* TASK REQUIREMENTS: In the records below, repeat exactly the lines between the line holding "Page 25 of Saya To Boku | Sayo and me" and the line holding "Eau des Merveilles", inclusive, and drop the pictures.

Brief descriptive captions:
•••

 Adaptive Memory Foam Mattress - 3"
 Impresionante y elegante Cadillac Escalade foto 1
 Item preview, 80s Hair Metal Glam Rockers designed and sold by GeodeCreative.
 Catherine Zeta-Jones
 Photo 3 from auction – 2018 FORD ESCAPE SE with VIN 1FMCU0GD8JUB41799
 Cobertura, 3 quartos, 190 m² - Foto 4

•••

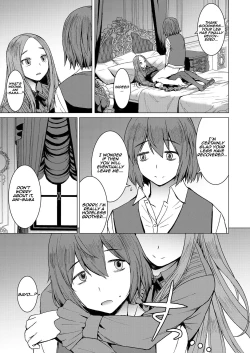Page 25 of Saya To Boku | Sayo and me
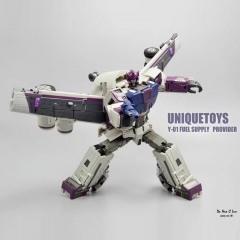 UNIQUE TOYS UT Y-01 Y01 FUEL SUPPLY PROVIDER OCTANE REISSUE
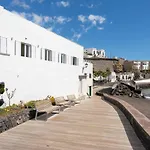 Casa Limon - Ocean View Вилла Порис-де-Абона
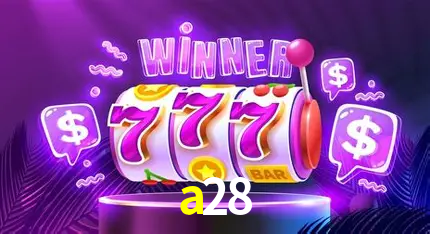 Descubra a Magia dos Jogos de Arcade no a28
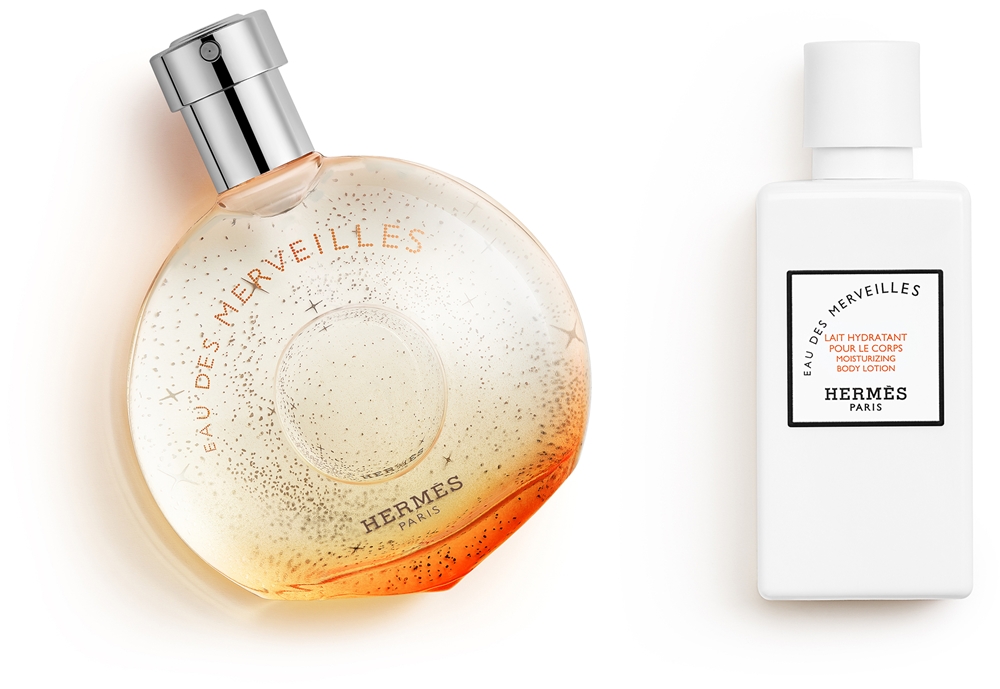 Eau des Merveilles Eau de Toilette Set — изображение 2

•••

* EXPECTED ANSWER:
Page 25 of Saya To Boku | Sayo and me
 UNIQUE TOYS UT Y-01 Y01 FUEL SUPPLY PROVIDER OCTANE REISSUE
 Casa Limon - Ocean View Вилла Порис-де-Абона
 Descubra a Magia dos Jogos de Arcade no a28
 Eau des Merveilles Eau de Toilette Set — изображение 2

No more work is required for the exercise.